◆ Raw data ◆
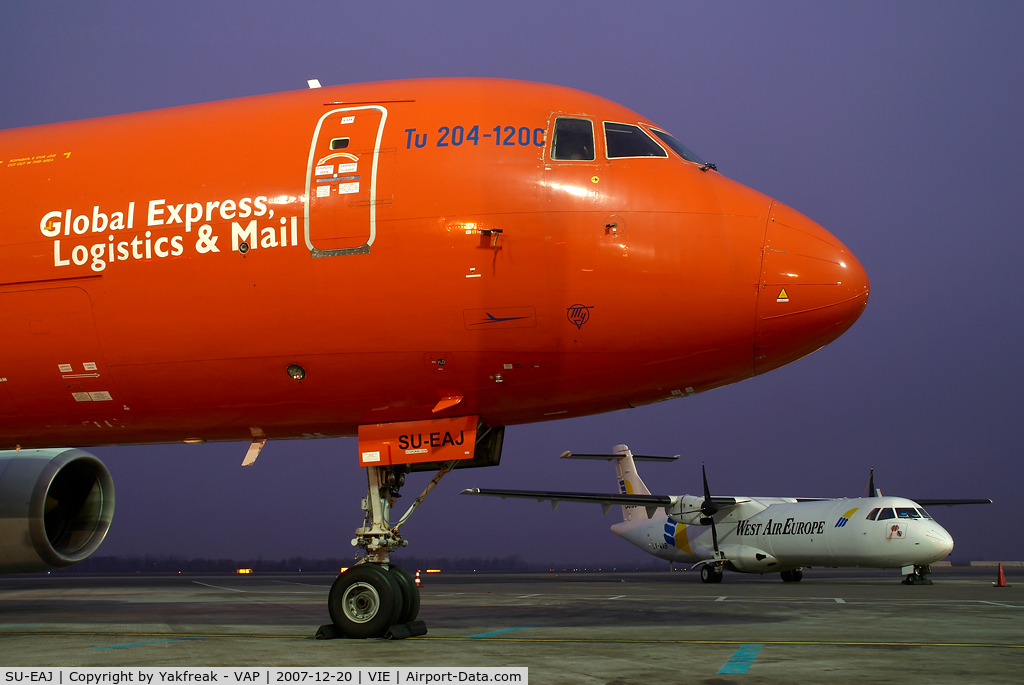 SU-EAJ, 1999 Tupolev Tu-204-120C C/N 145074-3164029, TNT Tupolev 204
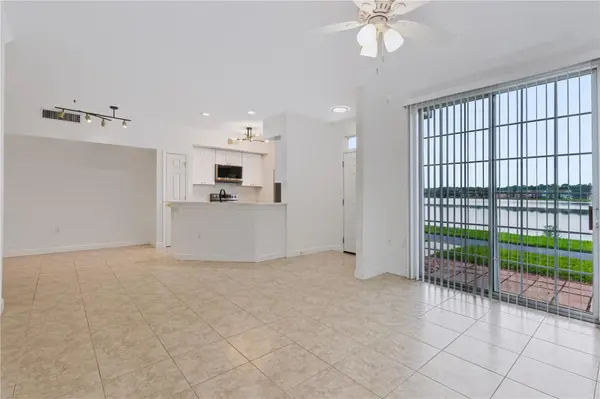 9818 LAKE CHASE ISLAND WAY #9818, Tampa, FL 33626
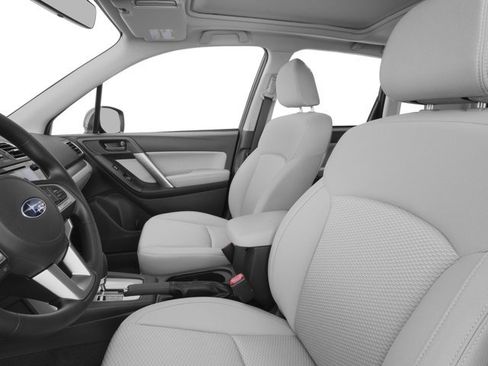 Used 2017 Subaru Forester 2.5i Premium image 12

◆ What the task asks ◆
The data above must be given again in full and unaltered, minus its images.

◆ Response area ◆
 SU-EAJ, 1999 Tupolev Tu-204-120C C/N 145074-3164029, TNT Tupolev 204
 9818 LAKE CHASE ISLAND WAY #9818, Tampa, FL 33626
 Used 2017 Subaru Forester 2.5i Premium image 12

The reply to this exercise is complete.